◆ Provided data:
──────────

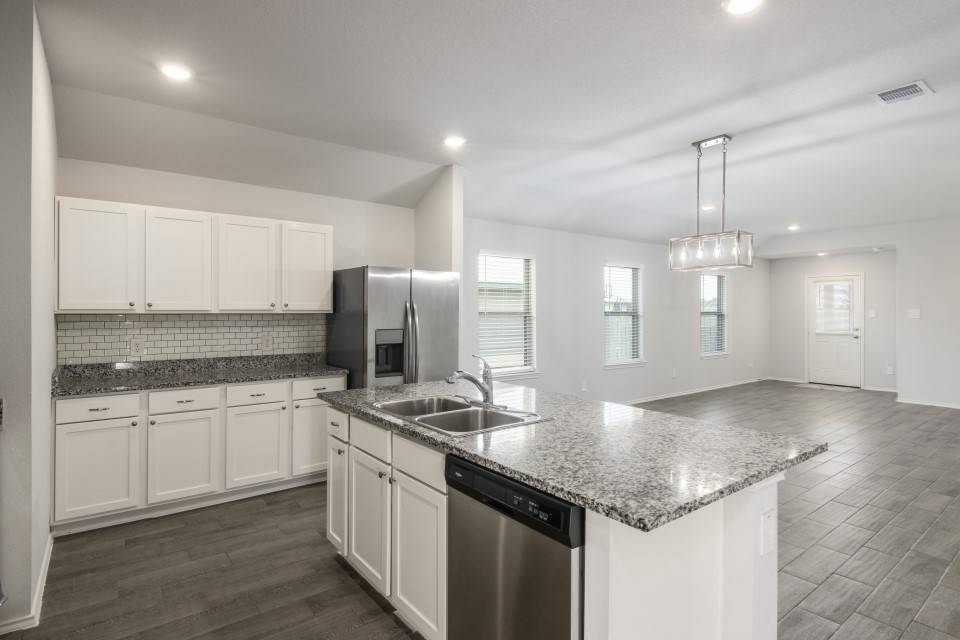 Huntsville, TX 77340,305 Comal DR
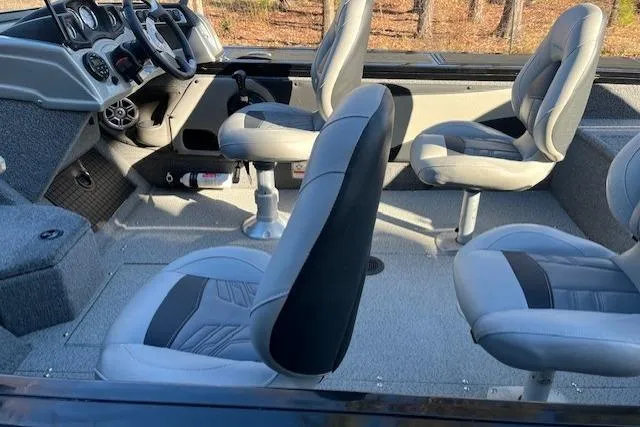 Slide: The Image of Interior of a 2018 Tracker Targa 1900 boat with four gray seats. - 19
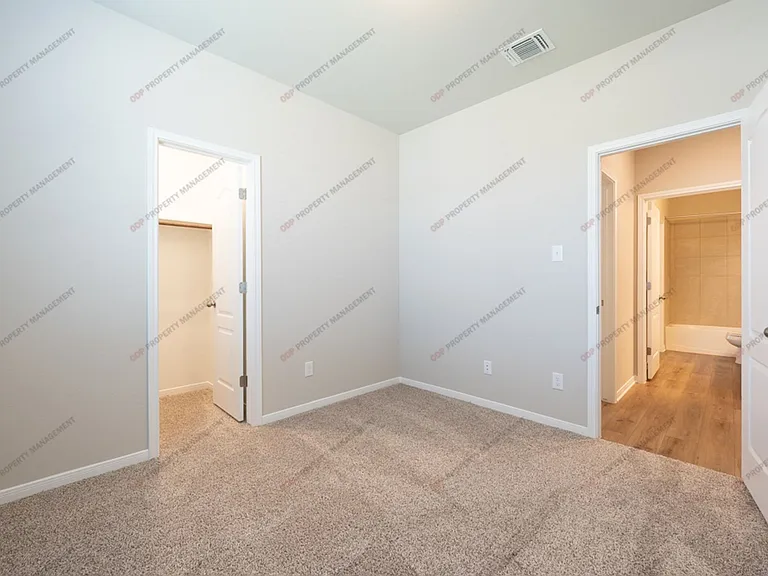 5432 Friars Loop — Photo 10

──────────

◆ What you have to do: Without the pictures, return the whole of the data exactly as given.

◆ Written response:
 Huntsville, TX 77340,305 Comal DR
 Slide: The Image of Interior of a 2018 Tracker Targa 1900 boat with four gray seats. - 19
 5432 Friars Loop — Photo 10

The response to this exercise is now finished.